BEGIN TASK INPUTS
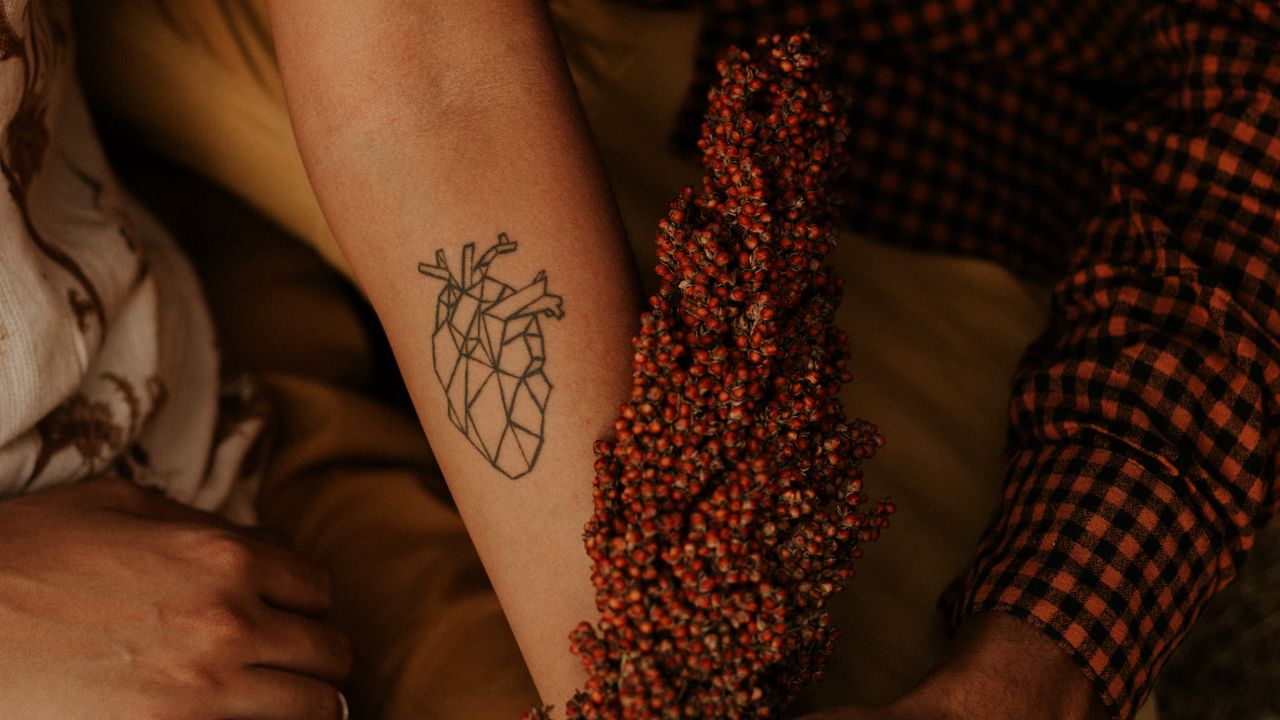Wallpaper hands, tattoo, heart, bouquet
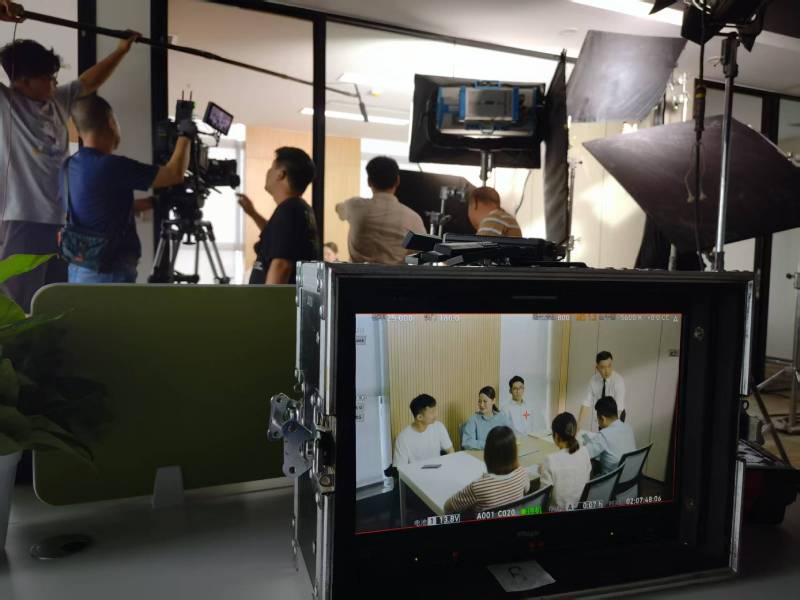 兰州TVC拍摄公司：科技产品视觉化大师，诠释未来感与功能美学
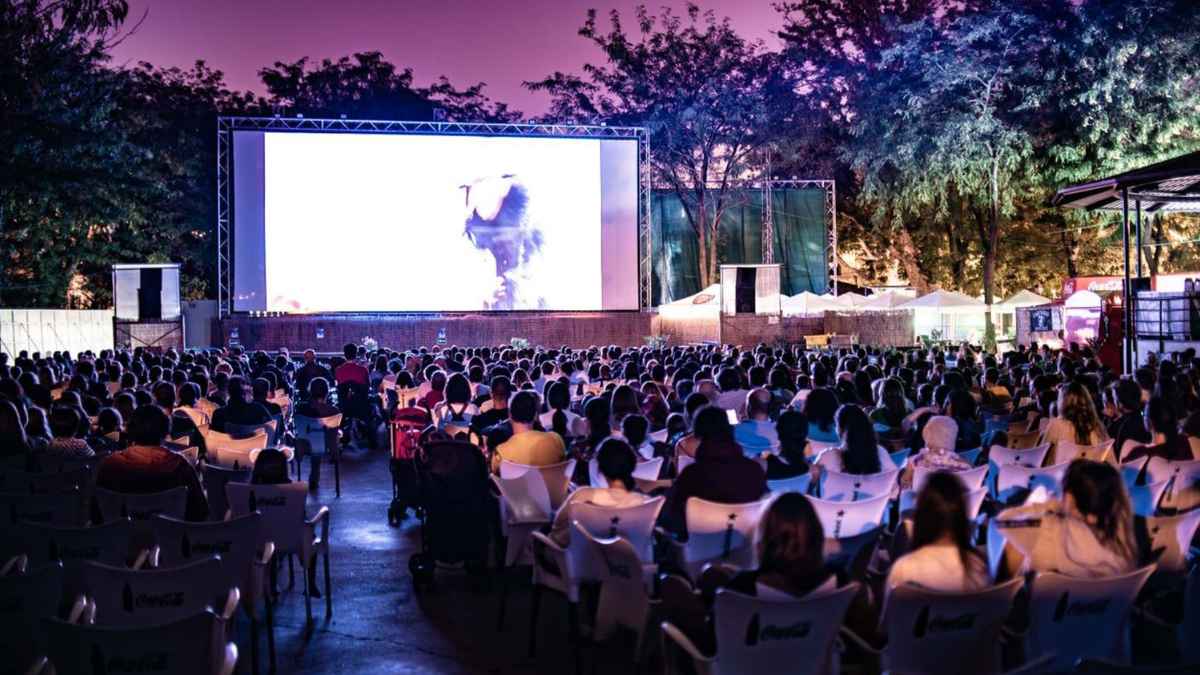 Proyección cine al aire libre Fescinal.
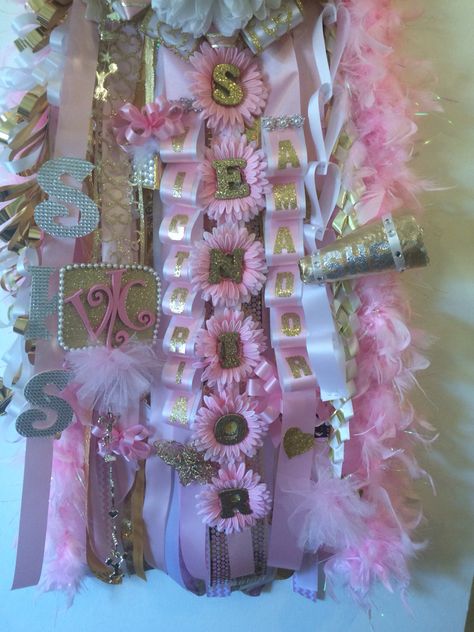 Pink & white mum,  Princess Homecoming mum; Senior mum School Spirit Crafts, Texas Mums, Homecoming Mums Senior, Homecoming Spirit Week, Homecoming Corsage, Texas Homecoming Mums, Football Mums, Homecoming Spirit, White Mums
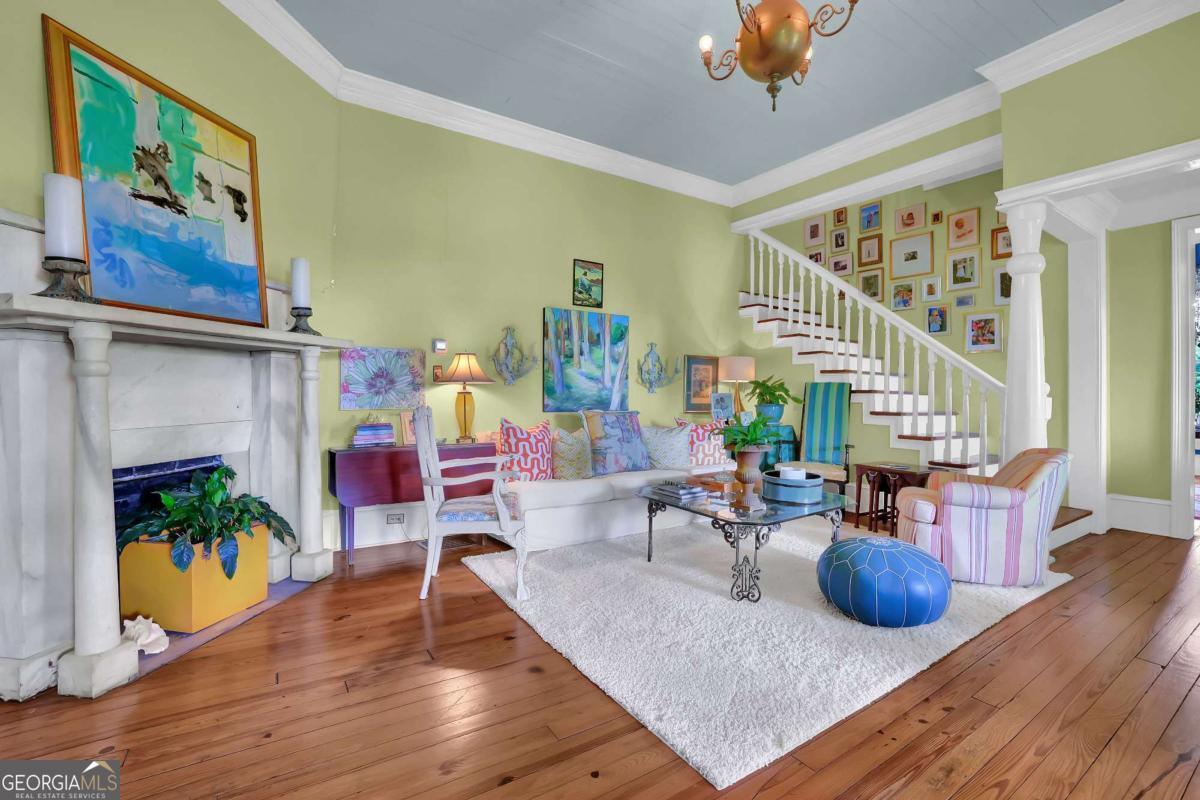 170 Summit CIR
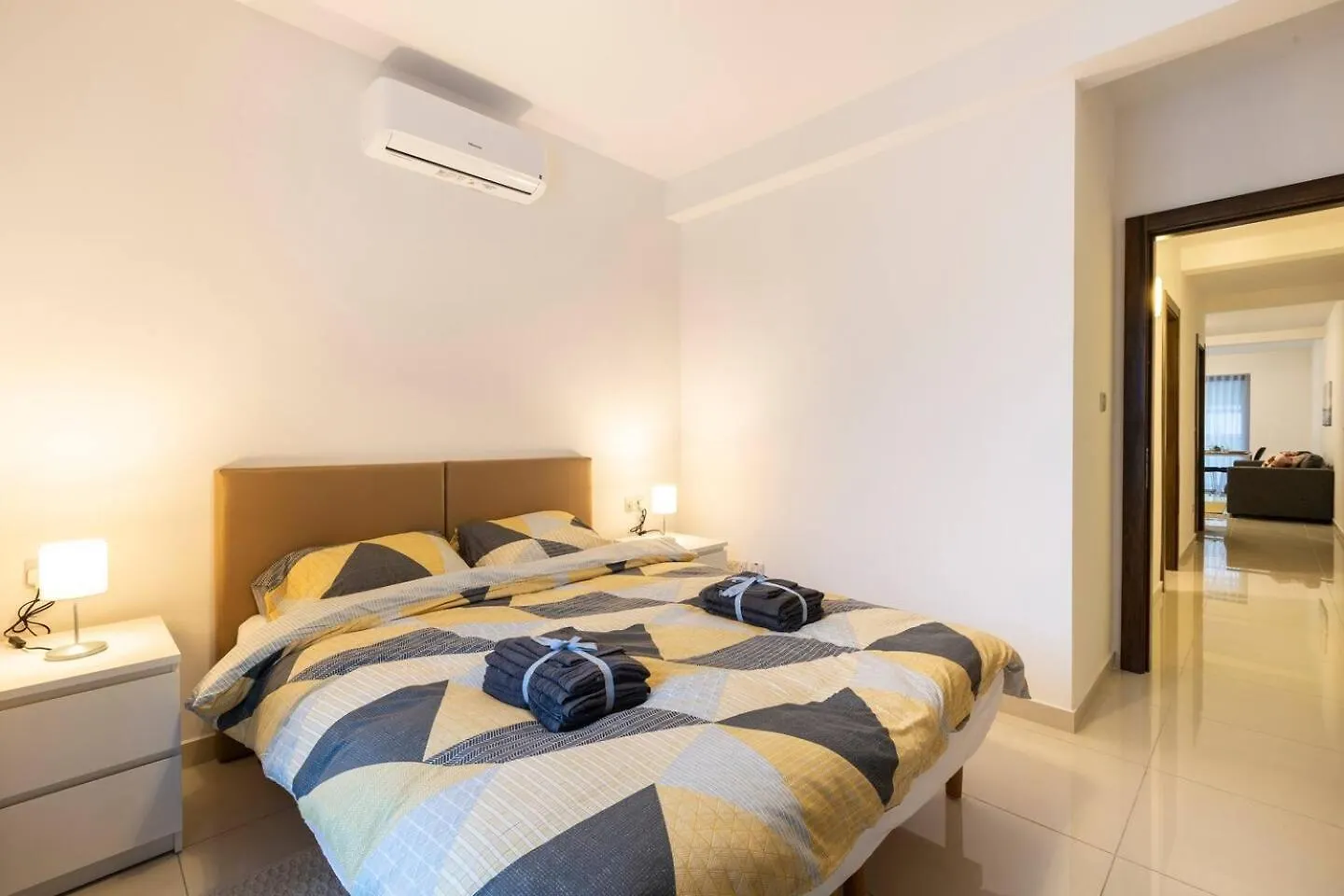 Beautiful Modern Central 2Br Apt Ta Xbiex 0*,  Malta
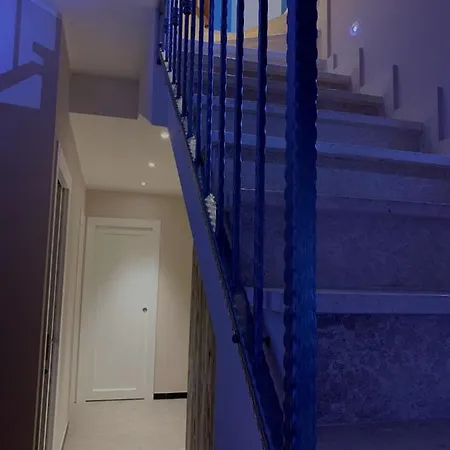 Alexander House - * Alghero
END TASK INPUTS
- _WORK TASK_: Every record above should be duplicated precisely, with the images removed.

- _WRITTEN ANSWER_:
Wallpaper hands, tattoo, heart, bouquet
 兰州TVC拍摄公司：科技产品视觉化大师，诠释未来感与功能美学
 Proyección cine al aire libre Fescinal.
 Pink & white mum,  Princess Homecoming mum; Senior mum School Spirit Crafts, Texas Mums, Homecoming Mums Senior, Homecoming Spirit Week, Homecoming Corsage, Texas Homecoming Mums, Football Mums, Homecoming Spirit, White Mums
 170 Summit CIR
 Beautiful Modern Central 2Br Apt Ta Xbiex 0*,  Malta
 Alexander House - * Alghero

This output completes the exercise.